# Xbox won't read fat32 formatted 2 TB Seagate External Drive



## lilman4evur (Jan 8, 2008)

I bought a Seagate 2 TB external drive to put videos on so i could hook it up to my xbox and watch the videos through my xbox 360. I researched and found out that xbox only recognizes FAT32 format and not NTFS. It worked fine with my 320GB Western Digital hard drive which was in the FAT32 format when i bought it. The Seagate 2TB drive i bought today was in NTFS so I converted it to FAT32 using " EASEUS Partition Master 6.5.2 Home Edition ". Even though it is in FAT32 my xbox 360 still will not recognize it. Here is the drive if it is of any help. 
http://www.bestbuy.com/site/Seagate...35107&st=seagate 2tb external drive&cp=1&lp=4


----------



## dbsimms63 (Jul 3, 2010)

When you formatted the Seagate, did you make it a primary or logical drive? For Xbox360 to see it, the drive needs to be set up as a primary FAT32 drive.


----------



## lilman4evur (Jan 8, 2008)

I made it a primary FAT32 drive. Would it be a better idea to format the drive to HFS+ format?
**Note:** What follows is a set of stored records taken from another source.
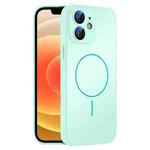 For iPhone 12 Thin Circle MagSafe Skin-feel AG Glass Phone Case(Light Cyan)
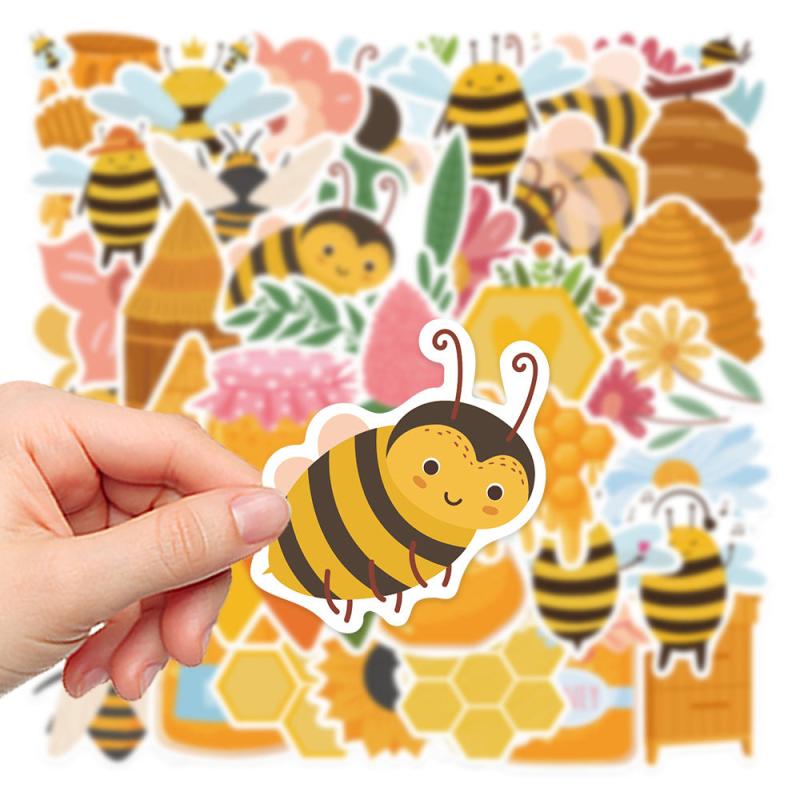 50pcs Cartoon Bee Honey Stickers DIY Room Decoration Phone Computer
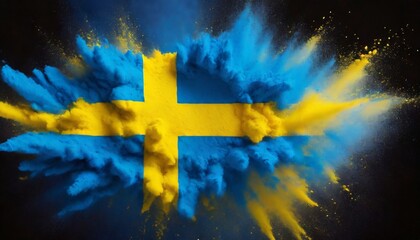colorful blue yellow blue swedish scandinavian flag color holi paint powder explosion isolated background sweden colors celebration soccer travel tourism concept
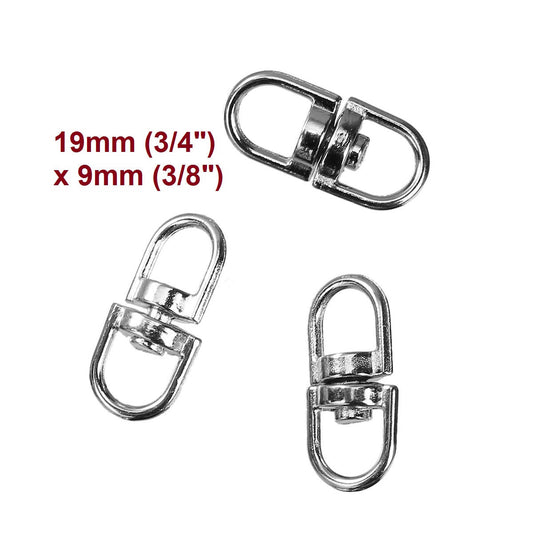 CL123 - 20 pcs. Silver Tone Oval Swivel Connectors Clasps for Key Rings Key Chains - 19mm x 9mm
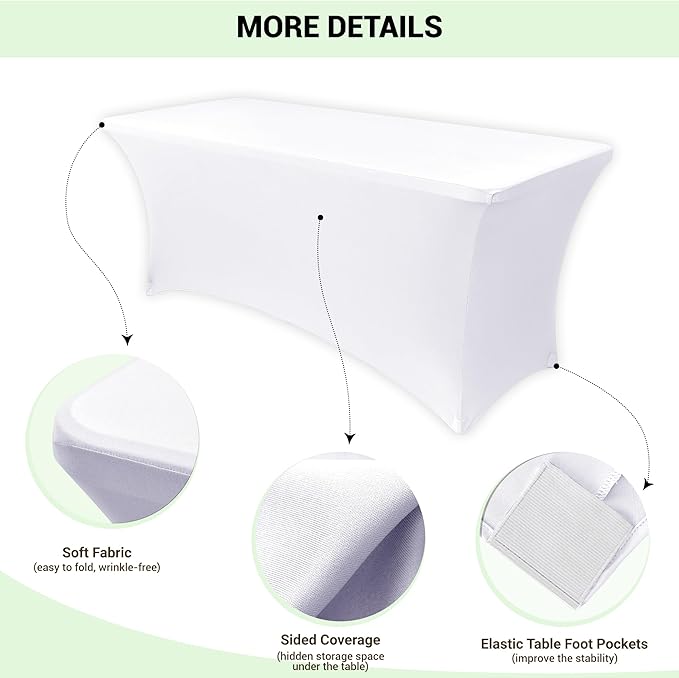 Obstal 6ft Stretch Spandex Table Cover - 4 Pack Universal Rectangular Fitted Tablecloth Protector for Wedding, Banquet and Party, White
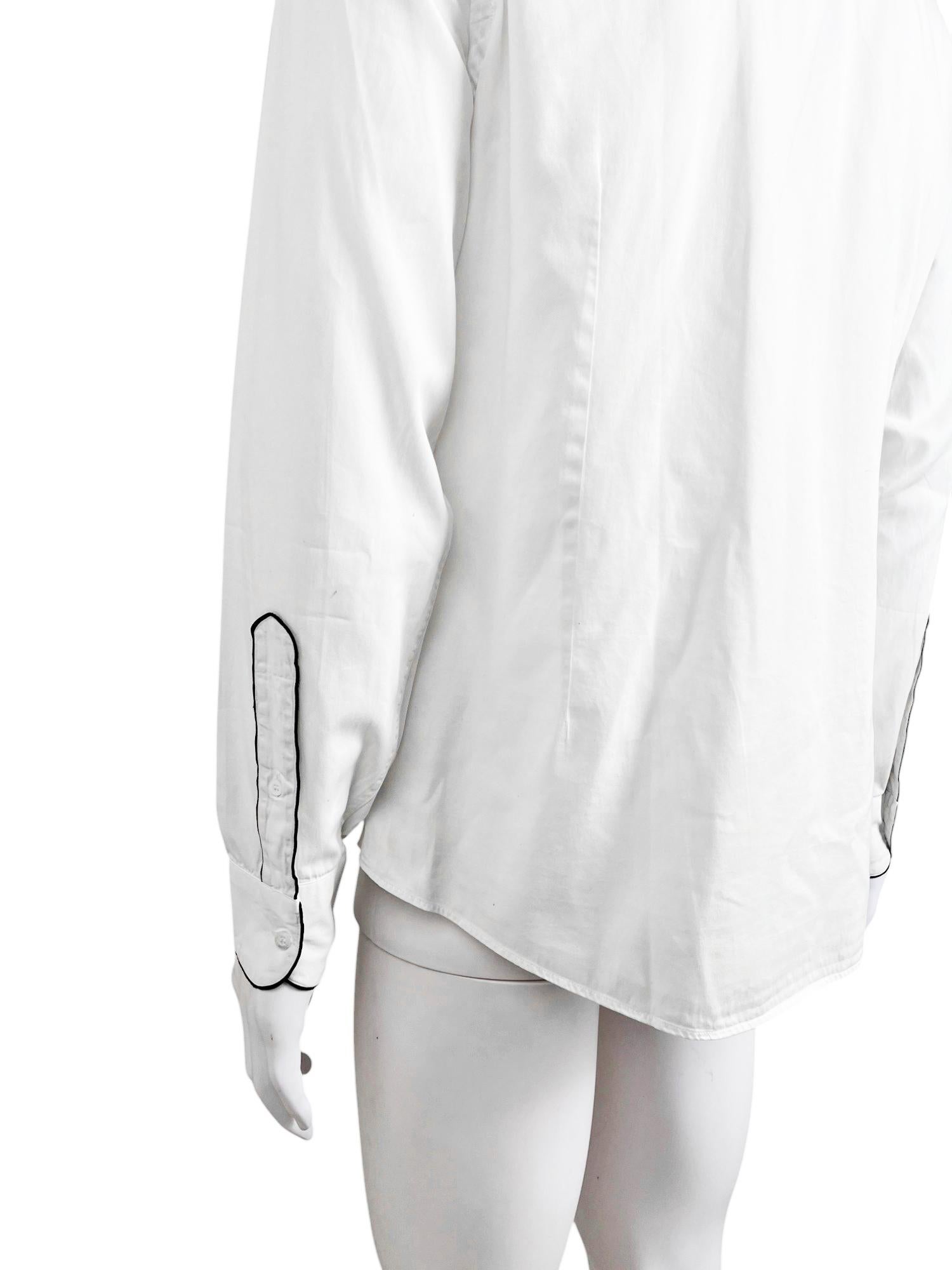 Gucci by Tom Ford 2000's Military Black Lined White Shirt en vente 1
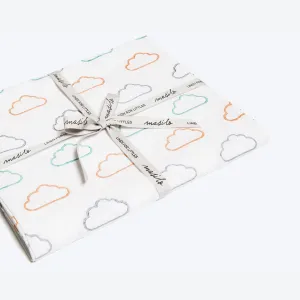 Organic Fitted Cot Sheet <br> Peach/Green Happy Clouds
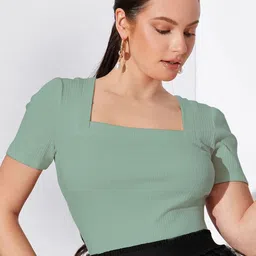 Sugathari Women Sheen Fitted Ribbed Square Neck Top-image-73
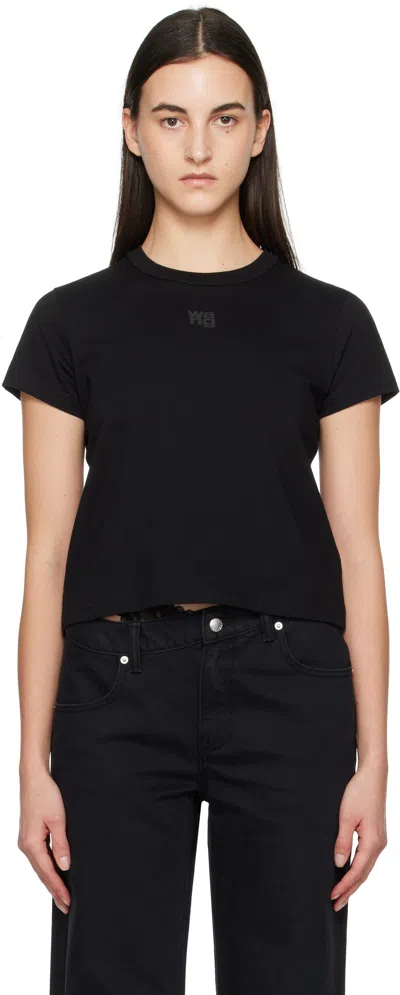 ALEXANDER WANG T BLACK PUFF LOGO SHRUNKEN T-SHIRT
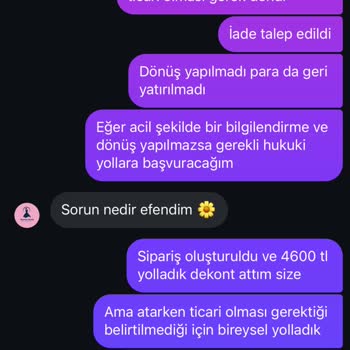 Sipariş Sonrası İletişim Ve Para İadesi Sorunu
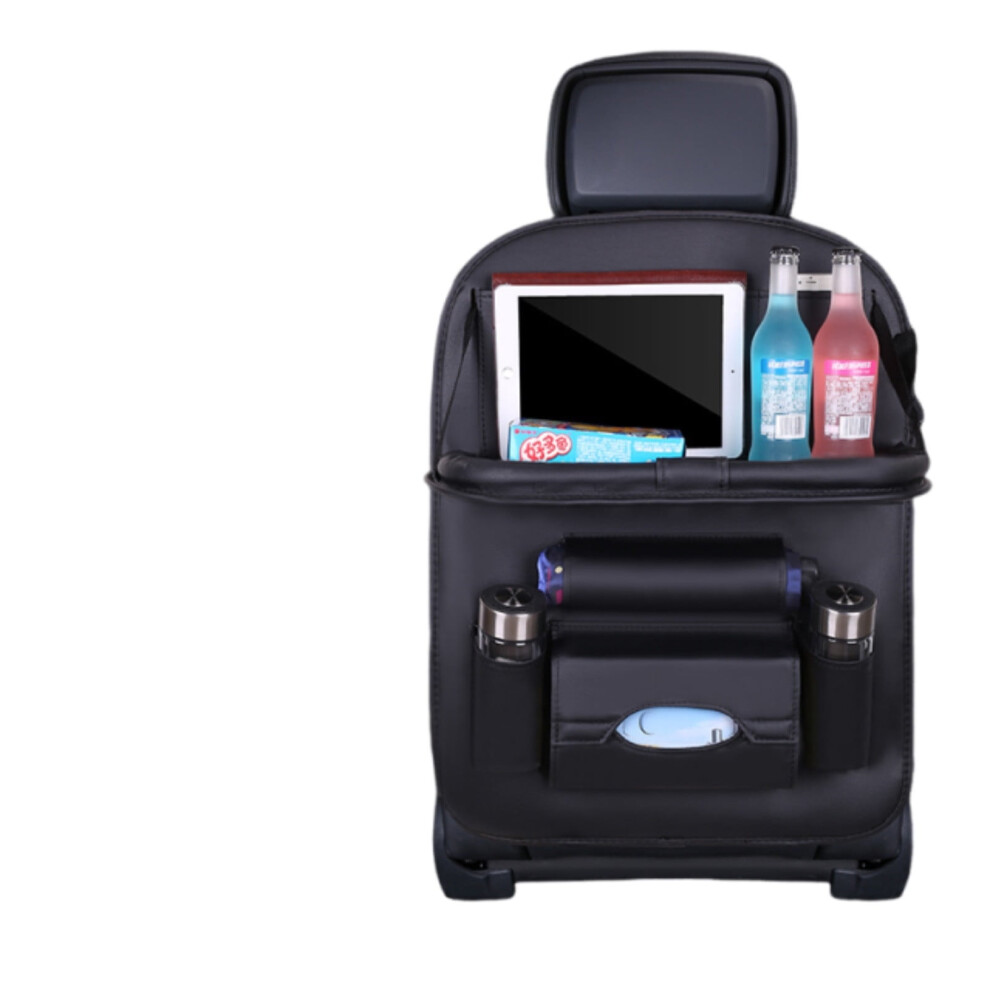 Car Back Seat Organizer Pu Leather Foldable Tray 938499904922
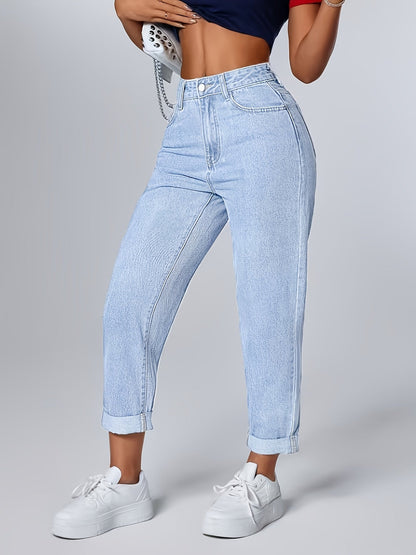 Effortless Light Blue Relaxed Mom Jeans for Women with High Waist Tapered Cuffed Hem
If possible though, I would like to get it working in FAT32 format.


----------



## Redeye3323 (Sep 20, 2009)

It may be worth trying a new partition manager to see if that works.

Make sure to format the drive before making it fat32 format.

Hope this helps,
Redeye


----------



## lilman4evur (Jan 8, 2008)

format it back to ntfs before reformatting it to fat32? could the size of the drive be contributing to by problem? It's 2TB.


----------



## ebackhus (Apr 21, 2005)

I don't think that's the right format. I had to format dries using a Mac to get it to work.


----------



## Laxer (Dec 28, 2010)

Have you tried using a non win formatter?

if not try SwissKnife

I had a similar problem a while ago and eventually got it working.


----------



## lilman4evur (Jan 8, 2008)

it works in fat32 i just had to partition it and hook it up to the usb port at the back of the xbox. For some reason it won't work with the front ports. Thank you though for your help guys.


----------



## Redeye3323 (Sep 20, 2009)

Ahhhhhhh.

It is due to the back USB ports having more power to them then the front which are only supposed to be for Controllers.


----------



## dbsimms63 (Jul 3, 2010)

So did you partition it into a primary and logical drives, or just two primary?


----------



## dbsimms63 (Jul 3, 2010)

Redeye3323 said:


> It may be worth trying a new partition manager to see if that works.
> 
> Make sure to format the drive before making it fat32 format.
> 
> ...


How do you format it first and then make it a FAT32 format? Doesn't formatting it into FAT32 format the drive? I only did it once. It was NTFS and I formatted it to FAT32 and made my partitions.


----------



## Redeye3323 (Sep 20, 2009)

I meant for him to reformat in case of a file structure error which turned out not to be the case.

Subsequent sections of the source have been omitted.